When my family was kosher, I went to private Jewish schools (yeshivas). It may have been that part of my parents’ reasons was to keep me away from the “corrupting” influence of non-kosher food.

This post is inspired by a report of a Canadian mayor telling Muslim parents the schools would not stop serving pork–a report that was a hoax (which took about seven seconds to determine). But just because the report was false (and probably motivated by someone seeking to stir up religious divisions) doesn’t mean we shouldn’t talk about the underlying issue: when does one person’s freedom stop and another’s start?

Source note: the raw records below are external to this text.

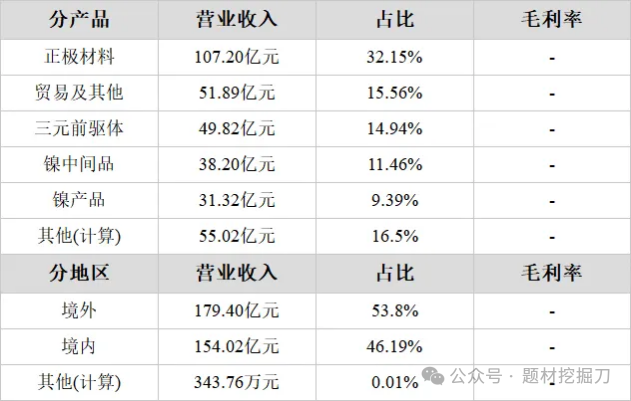 华友钴业股票牛叉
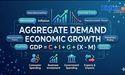  Aggregate Demand Explained: The Force That Drives Economic Growth 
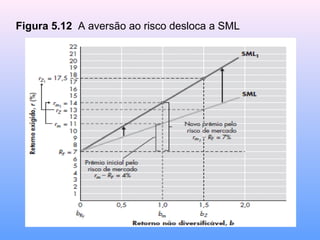 Figura 5.12 A aversão ao risco desloca a SML
 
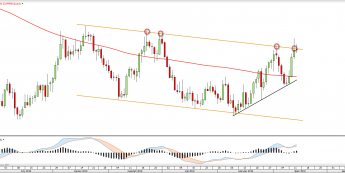 Wykres dzienny COPPER <snap> Źródło: TMS Direct<snap>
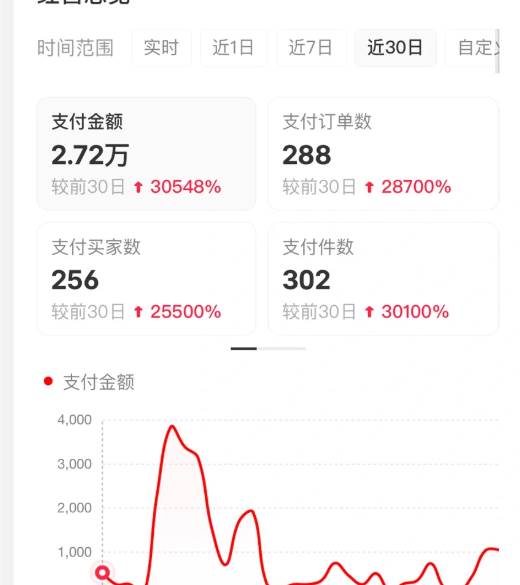 （16621期）小红书虚拟店矩阵2.0,全自动化AI发笔记（共35节，照抄照做）-777网创网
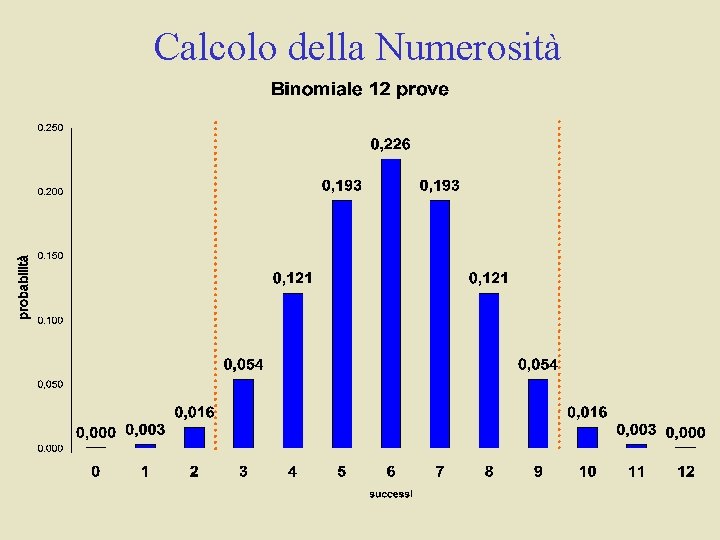 Calcolo della Numerosità 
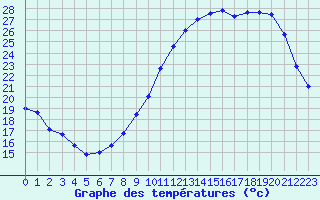 Courbe de tempratures pour Dolembreux (Be)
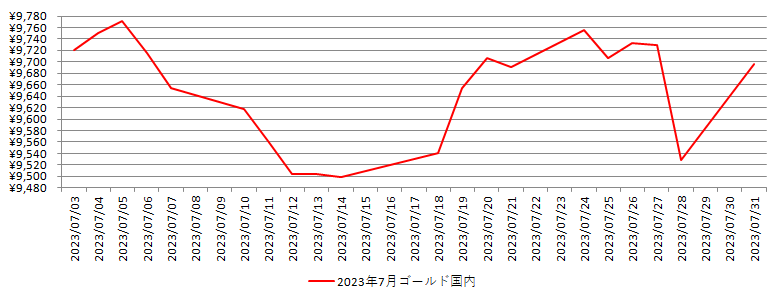 国内の金相場推移グラフ：2023年7月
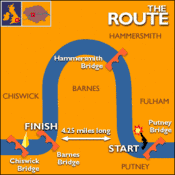 University Boat Race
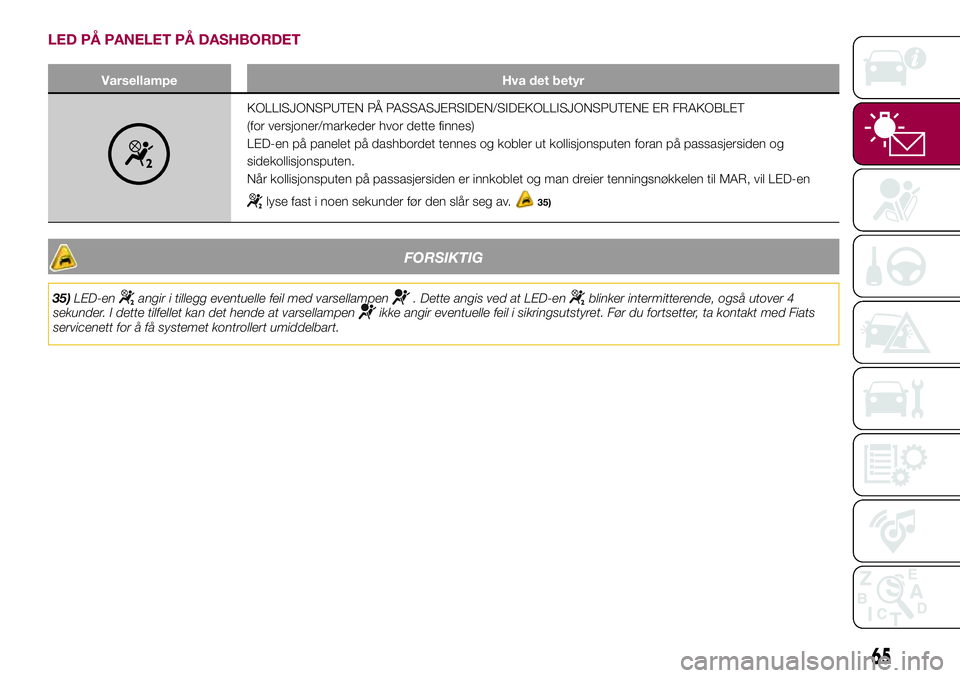 FIAT 500L 2018  Drift- og vedlikeholdshåndbok (in Norwegian) LED PÅ PANELET PÅ DASHBORDET
Varsellampe Hva det betyr
KOLLISJONSPUTEN PÅ PASSASJERSIDEN/SIDEKOLLISJONSPUTENE ER FRAKOBLET
(for versjoner/markeder hvor dette finnes)
LED-en på panelet på dashbord
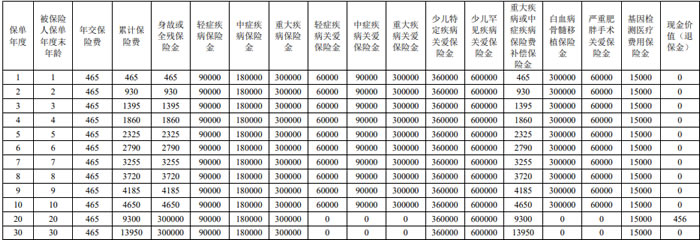 招商仁和仁心保贝5号重疾险B款怎么样？多少钱一年？案例演示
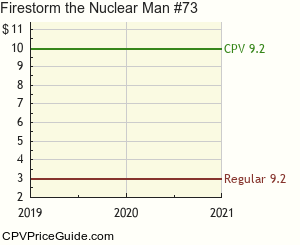 Firestorm the Nuclear Man #73 Comic Book Values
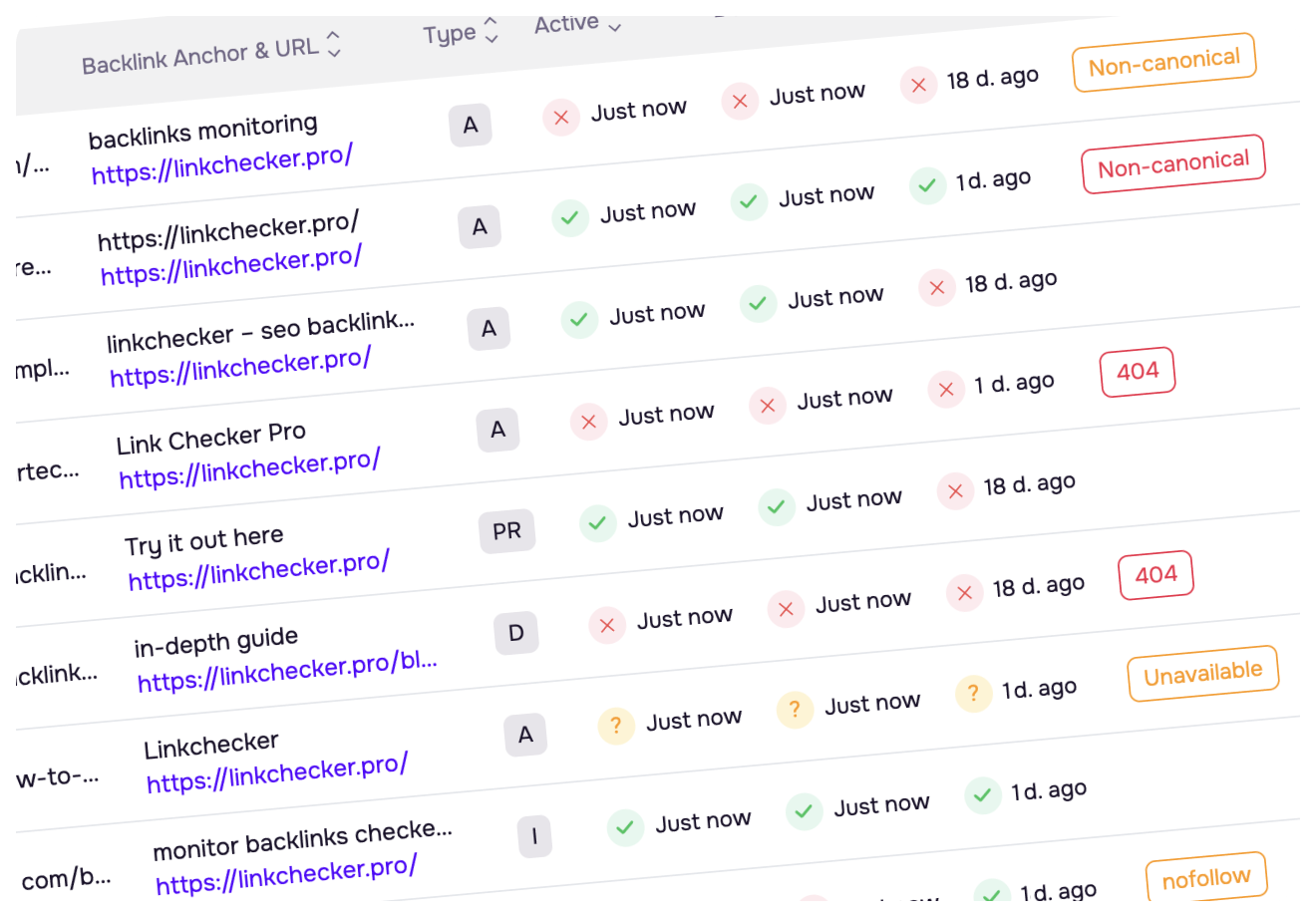 Track Your Backlinks Daily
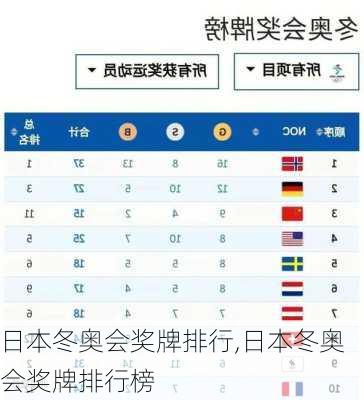 日本冬奥会奖牌排行,日本冬奥会奖牌排行榜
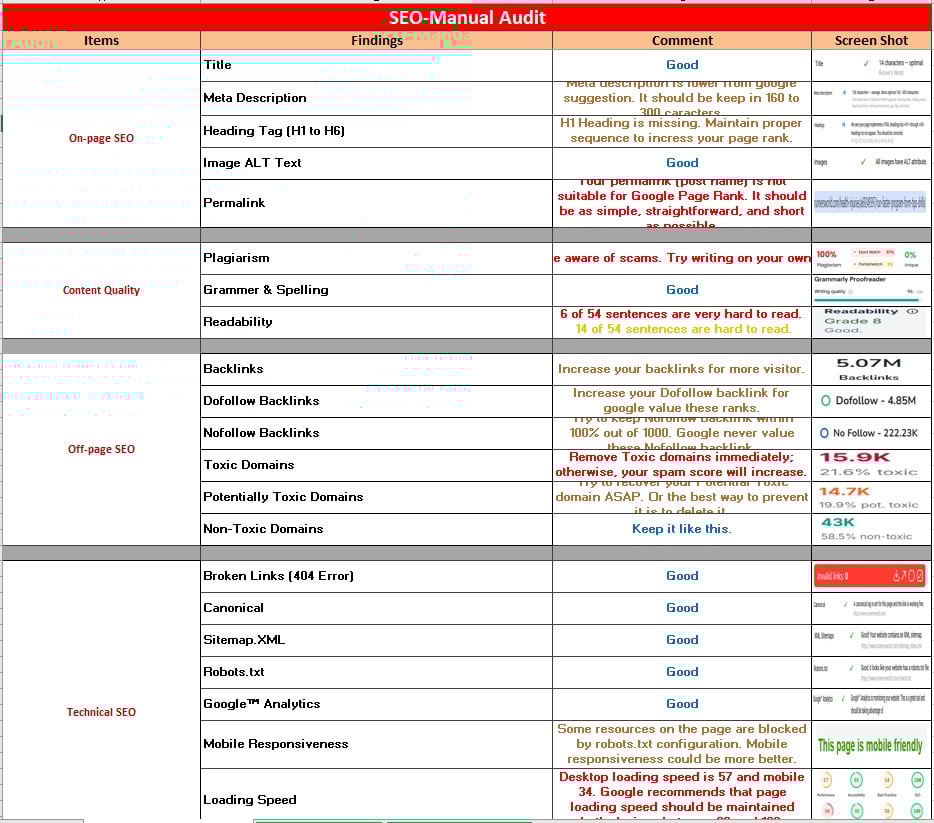 I will do SEO keyword research, competitor analysis with AI.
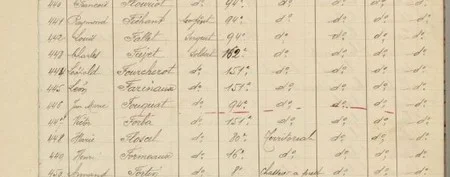 Extrait d'une liste de prisonniers de la Croix-Rouge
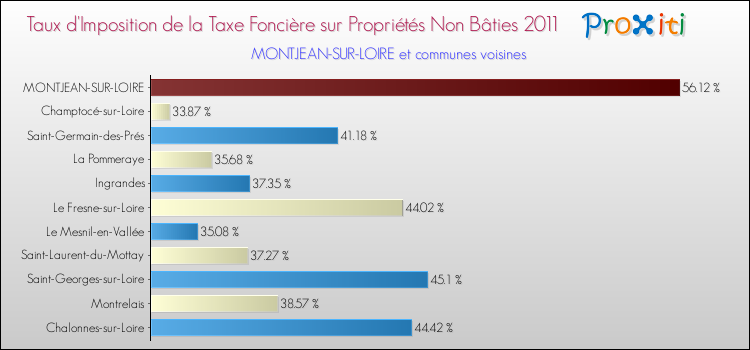 Taux d'imposition de la taxe foncière sur les immeubles et terrains non batis 2011 pour MONTJEAN-SUR-LOIRE et les communes proches Comparaison des taux d'imposition de la taxe foncière sur les immeubles et terrains non batis 2011 pour MONTJEAN-SUR-LOIRE et les communes voisines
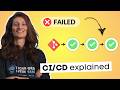 CI/CD Explained: The DevOps Skill That Makes You 10x More Valuable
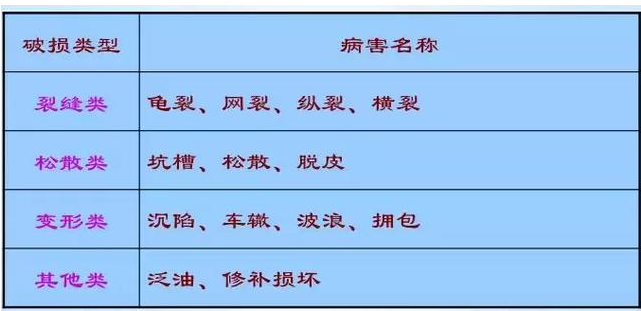 公路路基路面設(shè)計(jì)體會(huì)，滿滿的都是不能疏忽的細(xì)節(jié)！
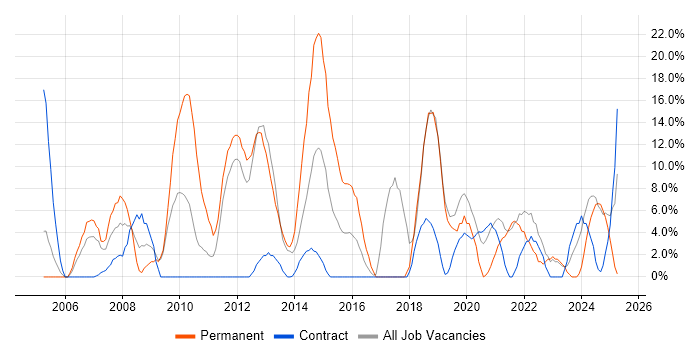 Job vacancy trend for Analytical Skills in Inverness Job vacancy trend for Analytical Skills in Inverness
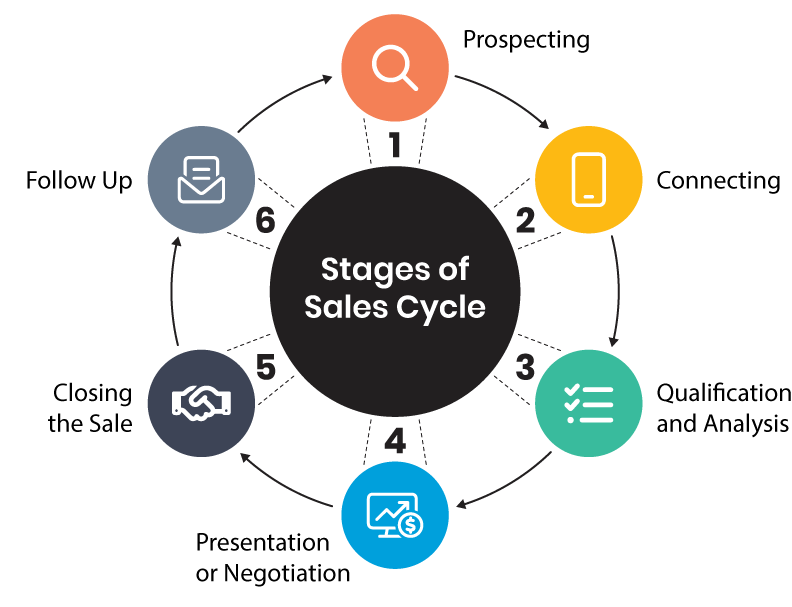 Stages of sales cycle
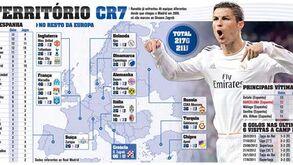 Ronaldo só não marcou a uma equipa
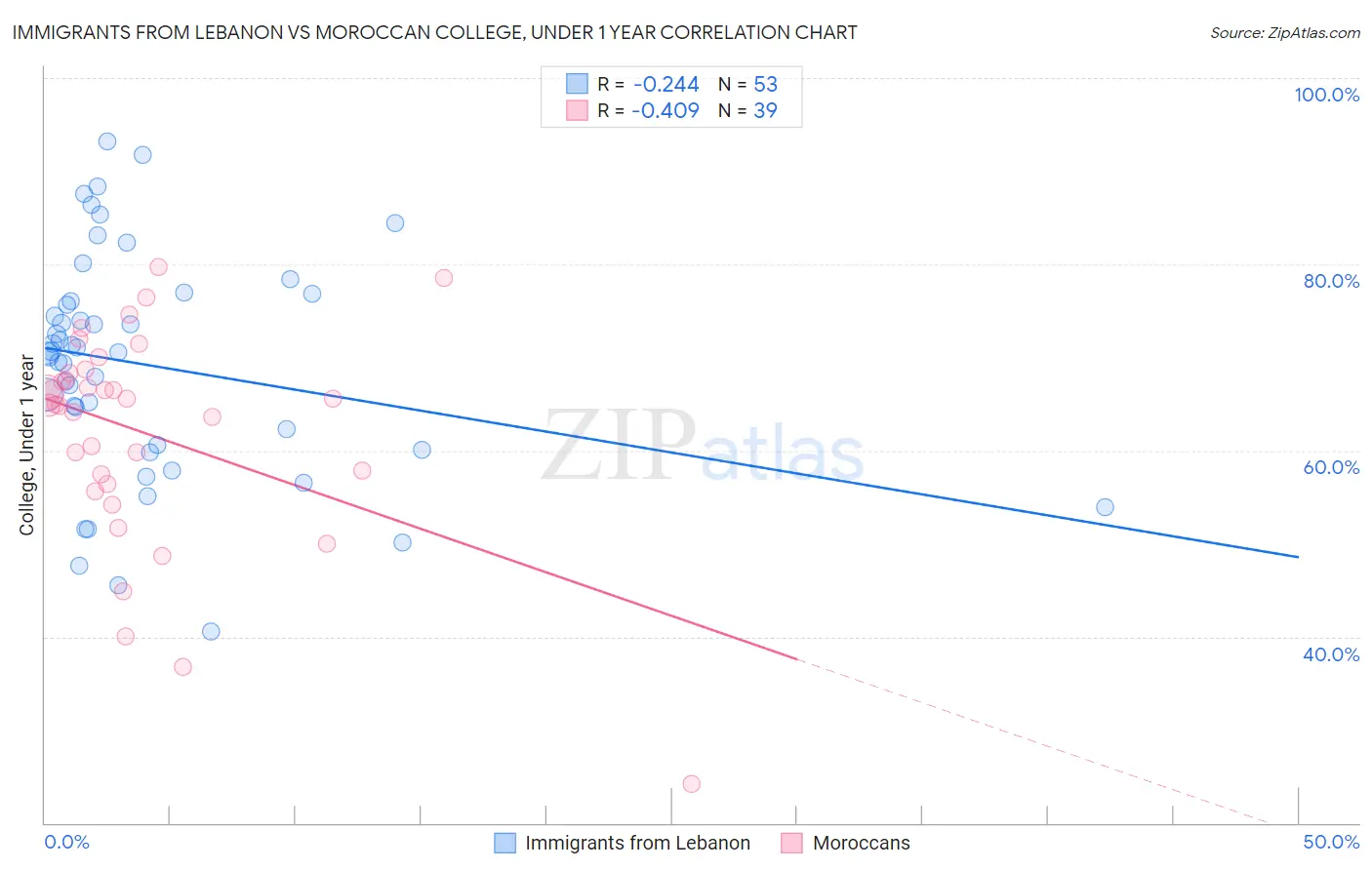 Immigrants from Lebanon vs Moroccan College, Under 1 year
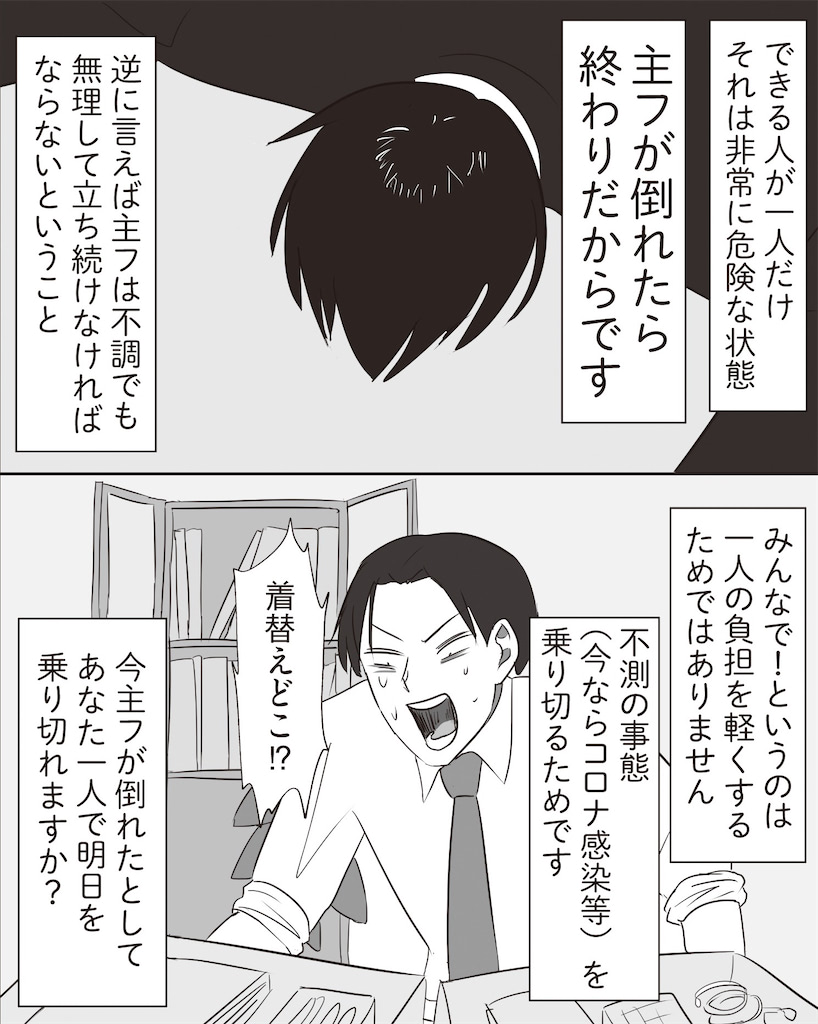 まいにち主夫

I am a vegetarian and I would never say to a school system, “don’t serve meat because it is offensive to me.” On the contrary, it is offensive to me when someone tells me I can’t eat the food I want because that food offends them, and I wouldn’t presume to make those choices for others. Sure, I wish more people would turn vegetarian, and I can list a dozen reasons why vegetarianism is good for the planet and good for our bodies.

I will say (and have said), “please don’t bring meat into a potluck at my vegetarian house.” A parent offended that foods he/she doesn’t eat are served in the cafeteria has other choices. There are schools where no pork is served–in fact, I know for certain that pork is not served at any Orthodox yeshiva or Islamic or Seventh Day Adventist school. It would be offensive if the Muslim kids and Orthodox Jewish kids and vegetarian kids attending public school were *forced* to eat pork. But it should not be offensive to sit in a cafeteria where others are eating it.